Below are the records; retype them exactly and omit each picture.

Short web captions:
┌──

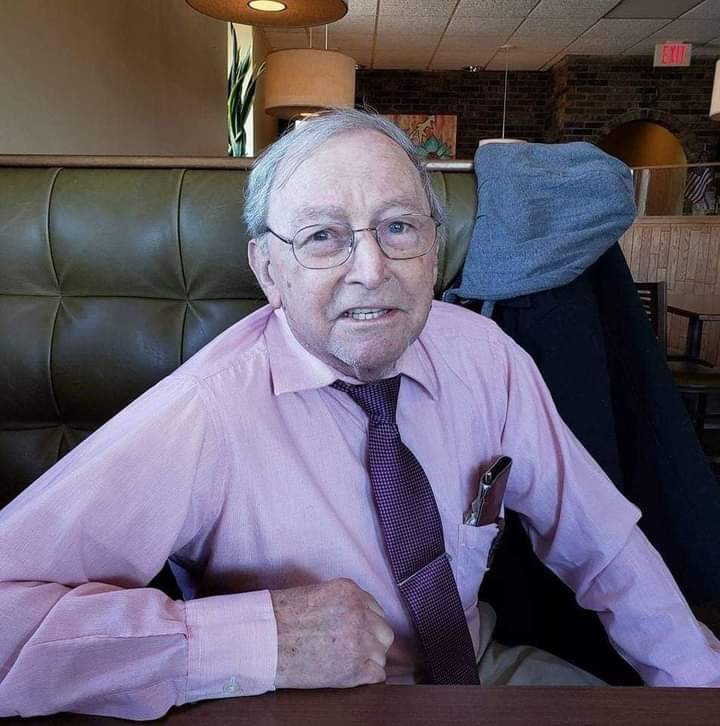 Obituary of Ernest Alfred Muller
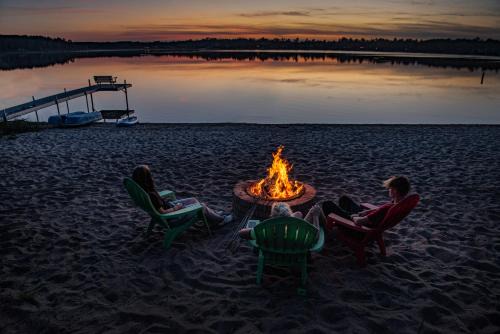 Menahga Hotel | Spirit Lake Resort & Motel
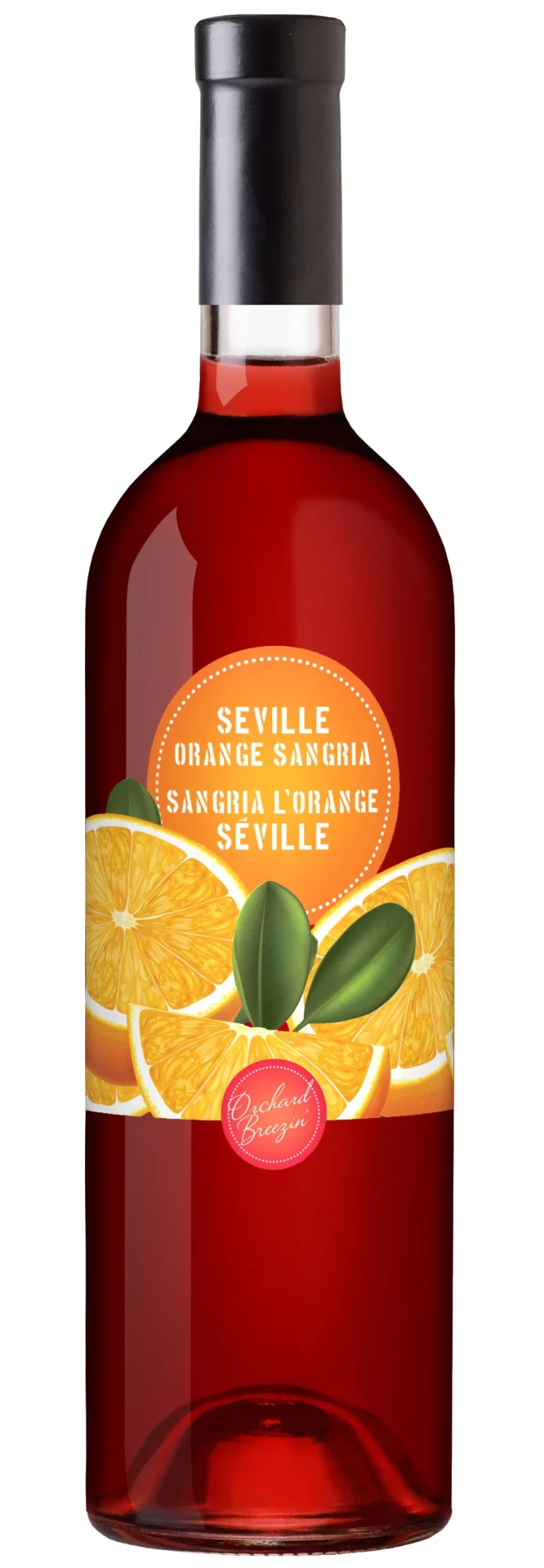 SEVILLE ORG SANGRIA 750ml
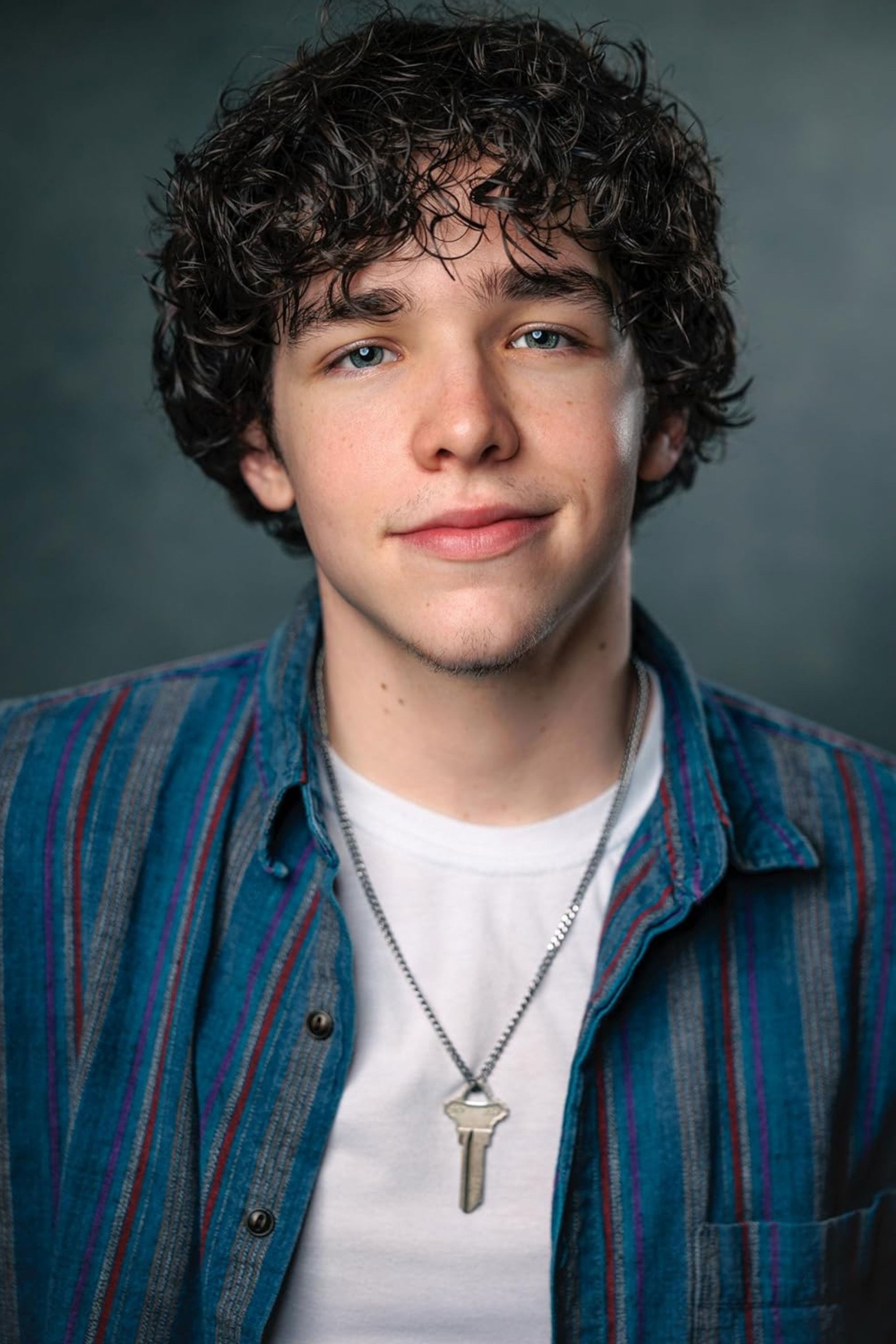 et billede af Ryan Anthony Holcomb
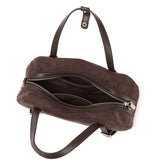 Marley Slouchy Handbag (Espresso)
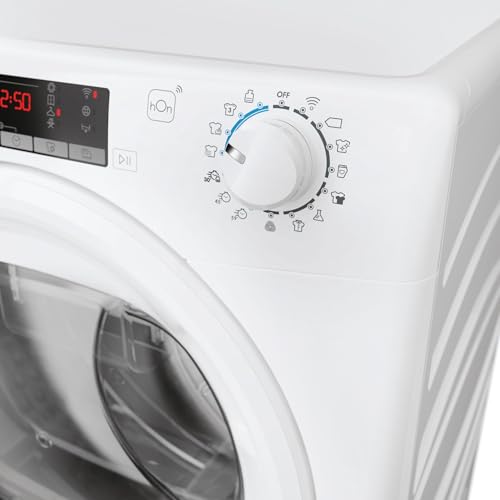 CRO4 H7A2TE-S - Asciugatrice Slim 7 Kg, Con Pompa Di Calore, Caricamento Frontale, Classe Energetica E - 5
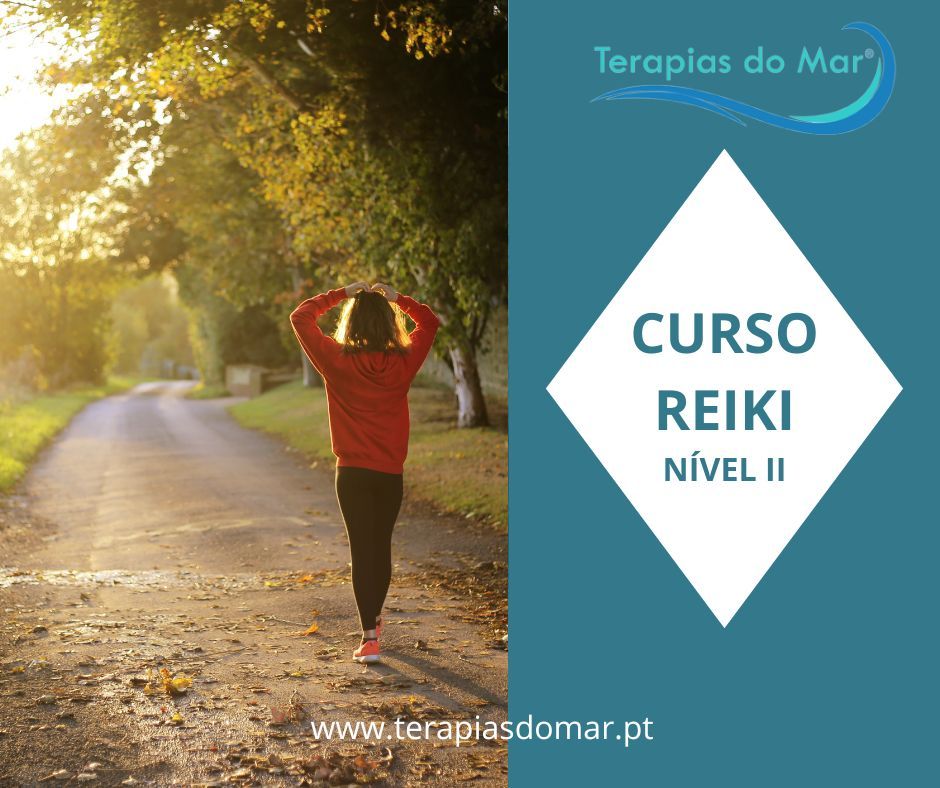 CURSO DE REIKI - n\u00edvel 2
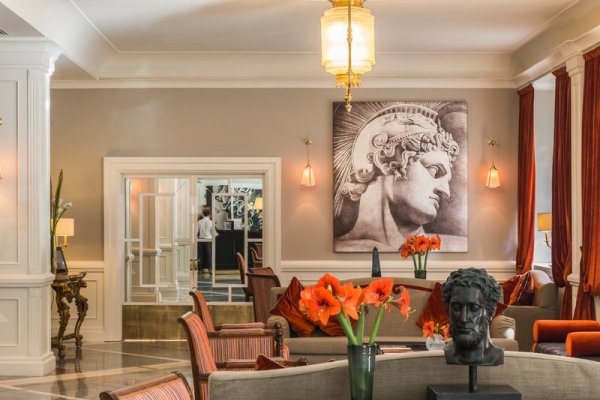 Starhotels Michelangelo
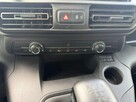 Peugeot RIFTER navi, klima, Polski Salon, gwarancja! - 16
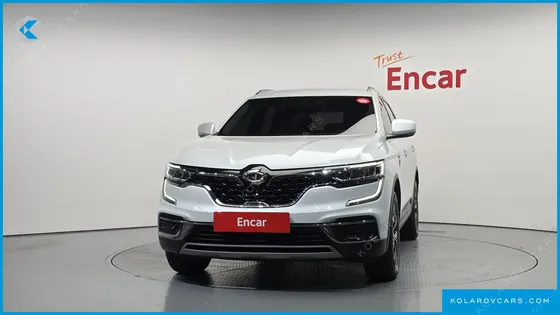 RENAULT KOREA QM6 (KOLEOS) 2.0 LPE LE 2WD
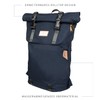 Doughnut PFC Free Unisex Backpack with Laptop Compartment 16 L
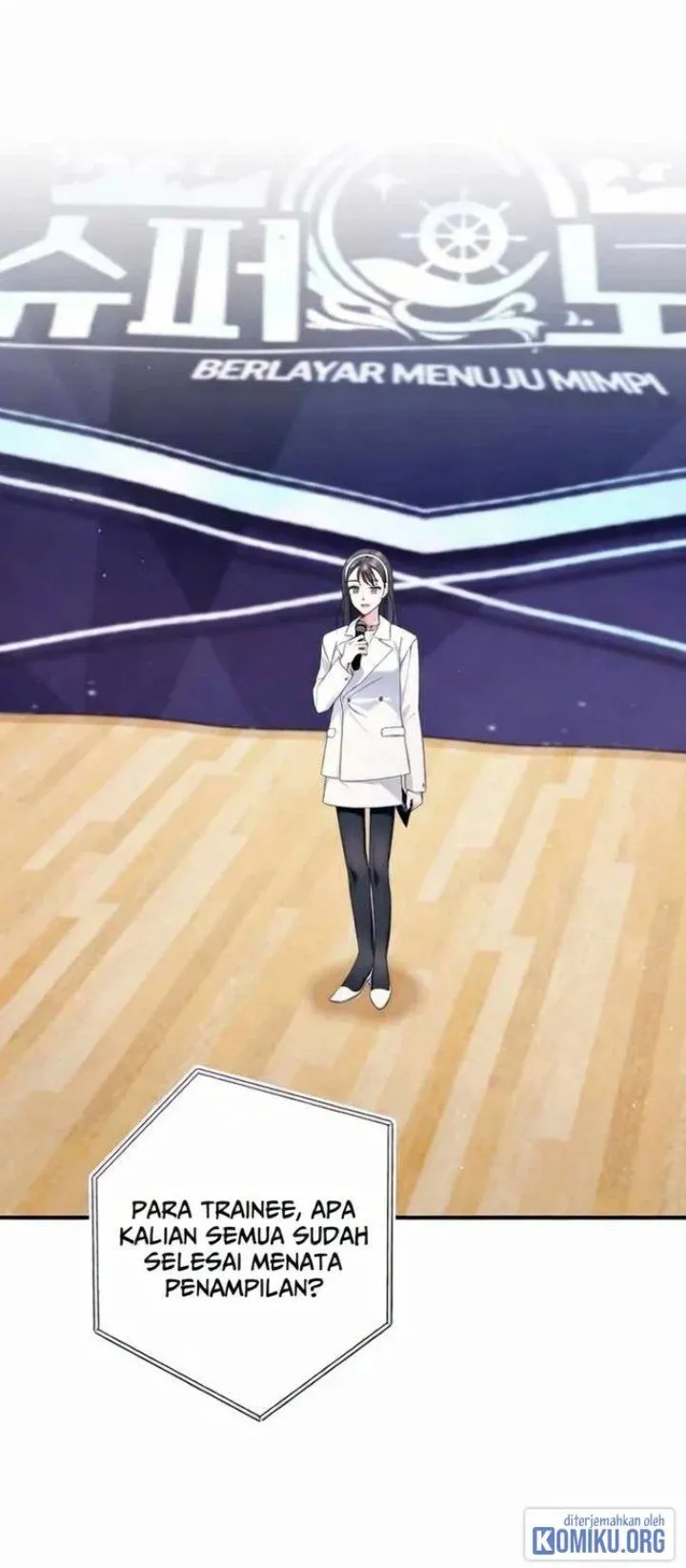 
              Tried to Debut My Idol… Ended up Debuting Myself             Chapter 44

└──

• **YOUR RESPONSE**:
 Obituary of Ernest Alfred Muller
 Menahga Hotel | Spirit Lake Resort & Motel
 SEVILLE ORG SANGRIA 750ml
 et billede af Ryan Anthony Holcomb
 Marley Slouchy Handbag (Espresso)
 CRO4 H7A2TE-S - Asciugatrice Slim 7 Kg, Con Pompa Di Calore, Caricamento Frontale, Classe Energetica E - 5
 CURSO DE REIKI - n\u00edvel 2
 Starhotels Michelangelo
 Peugeot RIFTER navi, klima, Polski Salon, gwarancja! - 16
 RENAULT KOREA QM6 (KOLEOS) 2.0 LPE LE 2WD
 Doughnut PFC Free Unisex Backpack with Laptop Compartment 16 L
              Tried to Debut My Idol… Ended up Debuting Myself             Chapter 44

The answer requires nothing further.